About this calculator
Statistical power (1 − β) is the probability that a test correctly rejects a false null hypothesis. It depends on four interrelated quantities: effect size (Cohen's d = (μ₁ − μ₂) / σ), significance level α, sample size n (per group), and the chosen power target. For a two-sample z-test the non-centrality parameter is NCP = d × √(n/2), and power = 1 − Φ(z_α − NCP), where Φ is the standard normal CDF and z_α is the critical value (1.96 for α = 0.05). To find the required sample size per group: n = 2 × ((z_α + z_β) / d)², where z_β = 0.84 for 80% power. Cohen's benchmarks classify d = 0.2 as small, 0.5 as medium, and 0.8 as large. Low power (< 0.80) risks a Type II error — missing a real effect.
How to use
You are planning a two-group study with effect size d = 0.5, α = 0.05, and you want to know the required sample size for 80% power. Step 1 — set z_α = 1.96 (for α = 0.05) and z_β = 0.84 (for 80% power). Step 2 — apply the formula: n = 2 × ((1.96 + 0.84) / 0.5)² = 2 × (2.80 / 0.5)² = 2 × (5.6)² = 2 × 31.36 = 62.72. Step 3 — round up to n = 63 participants per group (126 total). Enter d = 0.5, α = 0.05, select 'sample size', and the calculator returns 63.
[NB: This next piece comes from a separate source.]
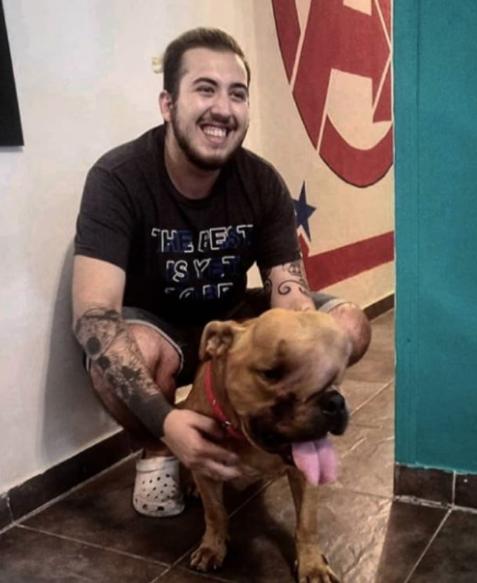 A adoptat un câine malformat și bolnav de cancer pe care l-au respins toți: "Vreau să-i ofer dragoste. Mi s-a spus că nu există tratament pentru boala lui..."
Frequently asked questions
What is a good level of statistical power for a research study?
The conventional minimum is 0.80 (80%), meaning the study has an 80% chance of detecting a true effect of the specified size. Many funding bodies and journals now recommend 0.90 or higher to reduce the risk of underpowered null results. Power below 0.80 is generally considered insufficient because it makes Type II errors (false negatives) unacceptably likely. The appropriate target ultimately depends on the costs of missing a real effect in your specific domain.
How does effect size influence the required sample size in a power analysis?
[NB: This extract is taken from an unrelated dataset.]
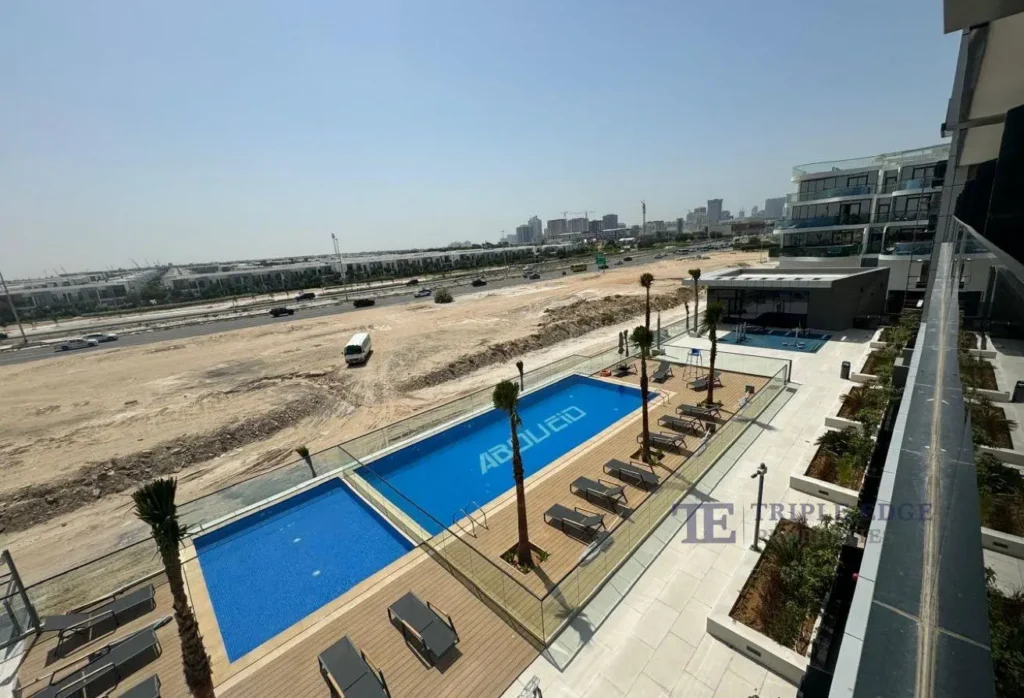 Studio | Pool view in Dubai Studio City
Effect size and required sample size are inversely related: smaller effects require much larger samples to detect reliably. For example, detecting a small effect (d = 0.2) at 80% power requires roughly 394 participants per group, while a large effect (d = 0.8) requires only about 26. This is why pilot studies are valuable — even a rough estimate of effect size can prevent costly over- or under-powered designs. Always base effect size on prior literature or a minimally meaningful difference, not on preliminary data alone.
What is the difference between Type I and Type II errors in hypothesis testing?
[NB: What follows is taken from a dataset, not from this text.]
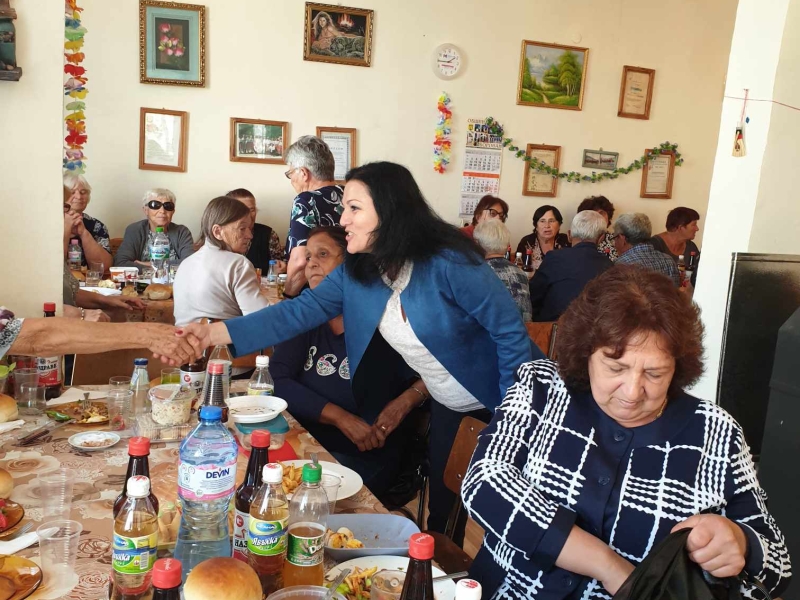 ИНЖ. ДЕСИСЛАВА ТОДОРОВА ГОСТ НА ПЕНСИОНЕРСКИ КЛУБ "ЗДРАВЕЦ" БОРОВАН – снимка 2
A Type I error (false positive) occurs when you reject a true null hypothesis; its probability is controlled by the significance level α. A Type II error (false negative) occurs when you fail to reject a false null hypothesis; its probability is β = 1 − power. Reducing α (e.g., from 0.05 to 0.01) lowers Type I errors but increases Type II errors unless you also raise the sample size. Balancing both error rates is a central goal of study design, and power analysis makes that trade-off explicit.